Although full agency approvals (UL, ENEC, CQC) are mandatory only on RFI components mounted in parallel to the line, customers often require X2 approval also for series-with-the-mains applications. While the electrical stress on components used in series and in parallel with the mains are comparable, the performance requirements in applications in series to the mains are much stricter. For both applications, environmental conditions (temperature and relative humidity) are the major factors affecting the expected life of components.
Severe working conditions are simulated in KEMET’s laboratories by means of accelerated life tests: climatic chambers replicate high temperature, high humidity and AC voltage stress.
KEMET released recently a new fully-approved RFI X2 metallized film series, suitable for both series and parallelto-the-mains connection, designed for high capacitance stability in harsh conditions.
This paper identifies the main root cause of capacitance instability in harsh environment applications and shows the features and performances of the most advanced KEMET capacitors suitable for RFI X2 applications.
AC filtering capacitors have the task of reducing the high-frequency harmonics overlapped to the fundamental network frequency (50-60 Hz). Usually, the first significant harmonic amplitude lies between 2.5 and 6 kHz, depending on the specific equipment the filter is used upon.
The RFI film capacitors used in AC filtering are approved by ENEC, UL/cUL and CQC, in this paper we consider to use the metallized polypropylene film in wound technology.
These capacitors are classified “X” or “Y” based on their position in the filter circuit: X capacitors are connected across the line, while Y capacitors are connected between the line and the earth as shown in the following figure:
X and Y capacitors are grouped in different sub-classes based on the voltage peaks they are required to withstand, as per the following tables:
The self-healing property of metallized film dielectrics (their ability to self-regenerate an internal drop of insulation resistance) ensures a safe failure mode in AC filtering applications, where electrical noise and peak voltages are added repeatedly or occasionally to the fundamental frequency.
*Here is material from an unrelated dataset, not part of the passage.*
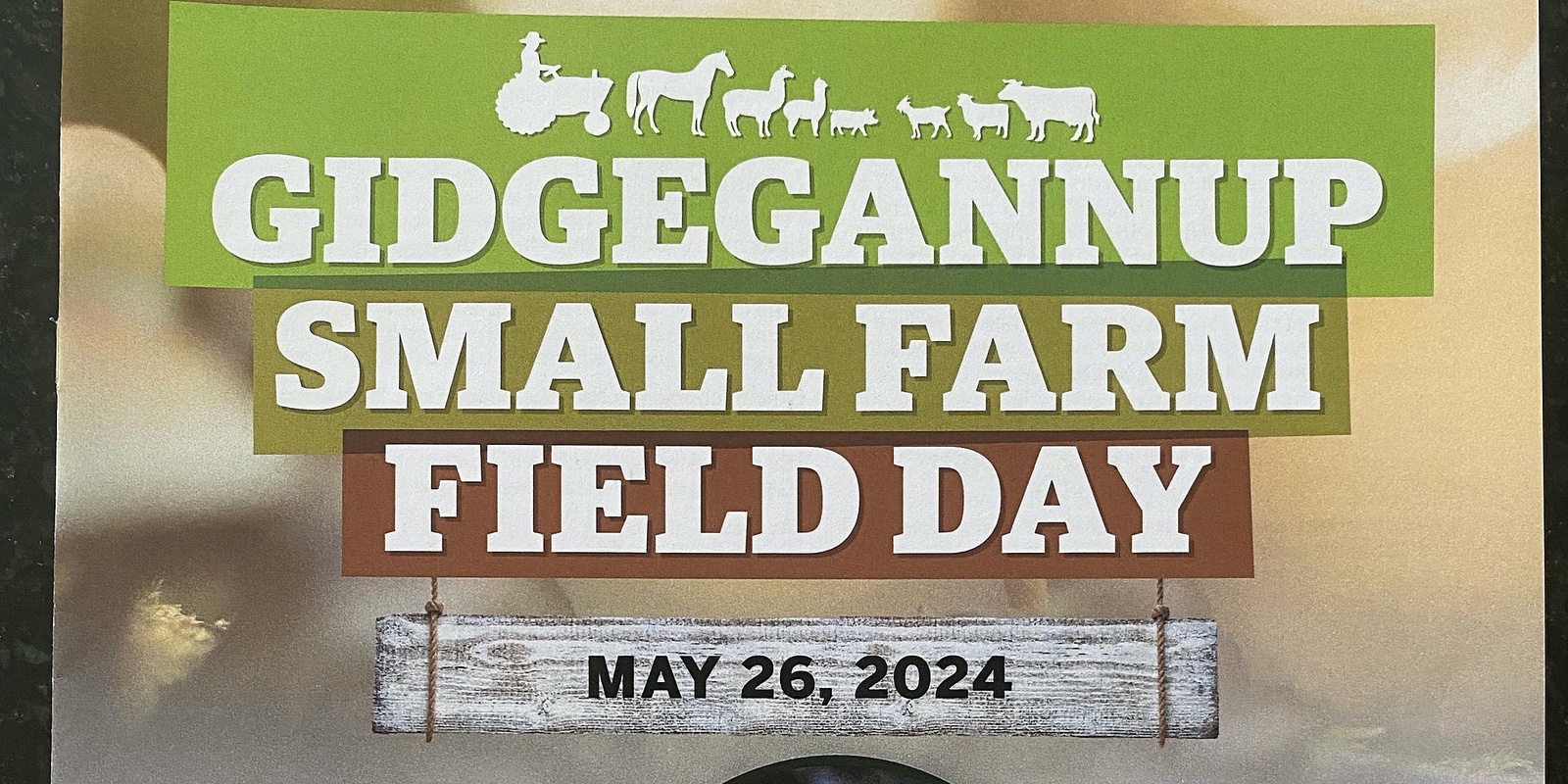 Banner image for The Countryman Gidgegannup Small Farm Field Day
When the self-healing operates, the temporary breakdown it creates results in a “clearing” of a metallized dielectric small area, causing a minor loss of Capacitance and the restoration of the capacitor’s initial electrical properties.
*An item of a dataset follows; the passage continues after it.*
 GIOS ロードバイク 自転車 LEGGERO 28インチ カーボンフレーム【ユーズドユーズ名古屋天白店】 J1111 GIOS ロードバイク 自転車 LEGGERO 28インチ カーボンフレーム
Polypropylene is the best material in terms of self-healing thanks to its all-aliphatic structure. Metallization material and thickness also play a significant role though, and in X and Y RFI capacitors they are specifically designed to maximize the self-healing performance. Nevertheless, the design choices aimed towards self-healing may make these kind of capacitors more susceptible than others to loss of Capacitance when exposed to extreme environmental conditions.
X-capacitors are generally mounted in parallel with the mains, with the purpose of filtering electromagnetic interference, both from the mains and the equipment, and of protecting the appliance from voltage spikes. In this application usually the customers use capacitors with large nominal tolerance (+/-20%). In recent years high capacitance stability and low tolerance have become a key feature for X capacitors, due to the development of more and more applications in series to the mains, in which the capacitor itself has the role of feeding AC voltage to the circuit, via a capacitive divider.
This need was followed by the introduction of the THB as qualification test for X capacitors. THB stands for Temperature Humidity Bias and is conducted for 1,000 hours at 85°C/85% relative humidity (RH), applying 240VAC (for X2 capacitors). Target performance is a capacitance decrease no larger than 10%.
THB is an accelerated endurance test and, therefore, stresses the components more than real-world applications. For this reason, it is important to integrate the test results with a predictive model for an easy and reliable prediction of end-user-application-condition performances.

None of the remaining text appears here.